Dopo aver dilapidato all’estero i fondi raccolti da Mazzini per finanziare l’impresa, giunse in Svizzera il 27 gennaio 1834 e si mise alla testa dei rivoltosi, una specie di brigata internazionale composta in gran parte da esuli polacchi che si era tirato dietro. Ma, trovatosi di fronte gli svizzeri che gli sbarravano la strada verso il confine con l’Italia per impedirgli di violarlo, non trovò soluzione migliore che ordinare coraggiosamente “sciogliete le righe” e poi darsela a gambe lasciando tutti nei pasticci. In particolare Mazzini, che faceva parte della colonna, e che si era disperatamente dato da fare per evitare l’esito disastroso dell’impresa, preso da un collasso nervoso, svenne ( “Non vidi più cosa alcuna – scriverà poi - gli occhi mi s’ appannarono e caddi in preda al delirio”) e si trovò, al risveglio prigioniero in una caserma controllato a vista dai gendarmi svizzeri.
In questa occasione emerge un particolare: il commilitone Giuseppe Lamberti sa che Mazzini ha con sé una dose di veleno e sospetta che il malessere dell’amico dipenda dall’averlo egli assunto per la disperazione causata dal fallimento dell’impresa. Non fu così, ma che il Mazzini si portasse addosso del veleno - forse per servirsene in circostanze estreme - è confermata da lui stesso nella lettera che il 25 febbraio 1834, poco tempo dopo il fallimento dell’impresa, scrive a Giuditta Sidoli, il vero unico, tormentato amore di Giuseppe Mazzini.
Egli dunque, nel riaffermarle con parole appassionate i suoi sentimenti , le racconta quanto lo avesse fatto soffrire, nel trambusto della fallita spedizione, la supposta perdita di un suo ricordo che gli è immensamente caro. “….Avevo perduto – scrive - il tuo piccolo medaglione ; qualcuno me l’aveva portato via, nei momenti della disfatta, insieme coll’abito e con un po’ di veleno che tenevo con me”. Ma poi quel medaglione l’aveva ritrovato, e ne è felice.
Mazzini e il suicidio: ecco un aspetto della sua vita che varrebbe la pena esplorare.
E come, evocando il Mazzini d’azione, non ricordarlo allorchè nel 1849, fra le cannonate, Triumviro con Saffi e Armellini, è alla testa della gloriosa sia pur breve Repubblica Romana difesa da Garibaldi, alla quale ispira una Costituzione che è tuttora un esempio di scienza giuridica e di saggezza civile?
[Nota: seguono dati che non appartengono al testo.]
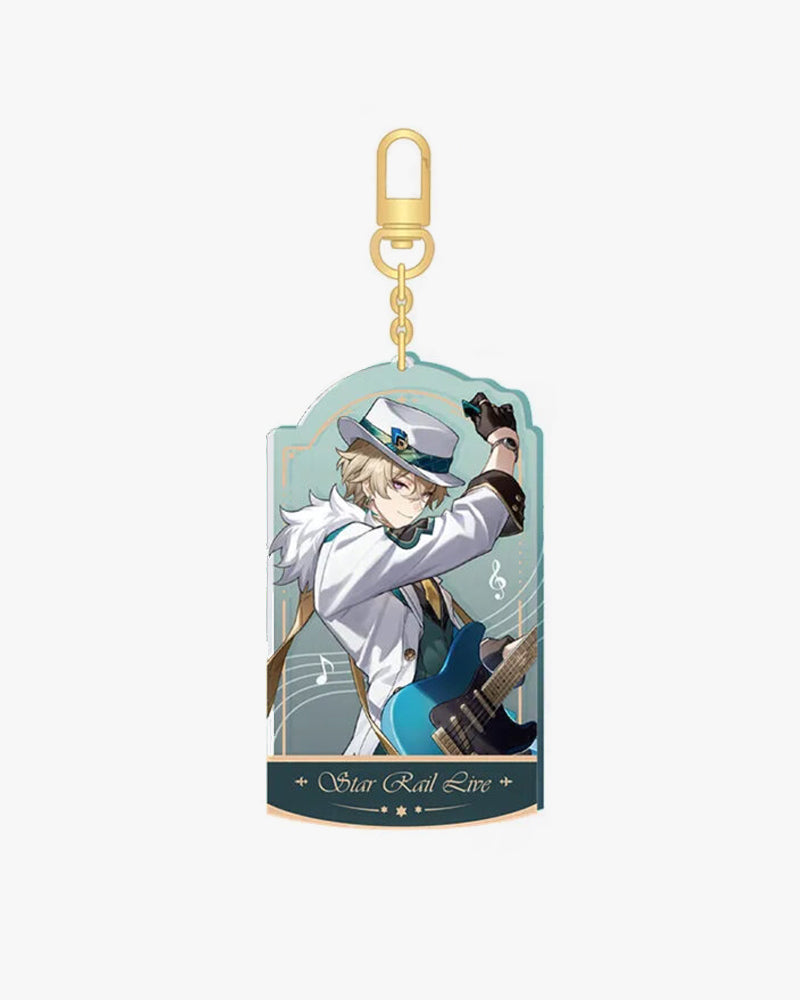 Honkai: Star Rail® Anime Character Acrylic Keychain - Perfect for Cosplay, Gifts & Anime Collections | Official Merchandise for Fans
O quando, nel 1870, vecchio e malato – morirà due anni dopo - ma non domo, scende, ancora una volta, senza successo, in Sicilia, con il folle intento di ripetere l’impresa di Garibaldi: mettersi alla testa di ardenti patrioti, risalire la penisola e liberare Roma?
Mazzini, è vero, non sempre partecipò direttamente ai numerosi moti da lui ispirati, ma ciò non per il desiderio di ricoprire un ruolo esclusivamente di comando o, peggio, per mancanza di coraggio: ma perché ( costretto all’esilio da due condanne a morte decretategli dal governo piemontese, ed inseguito, quale pericoloso rivoluzionario, dalle polizie di mezza Europa) fu nell’impossibilità di parteciparvi, pronto, ove occorresse, ad usare quel veleno che fu il fedele compagno nel triste viaggio della sua vita.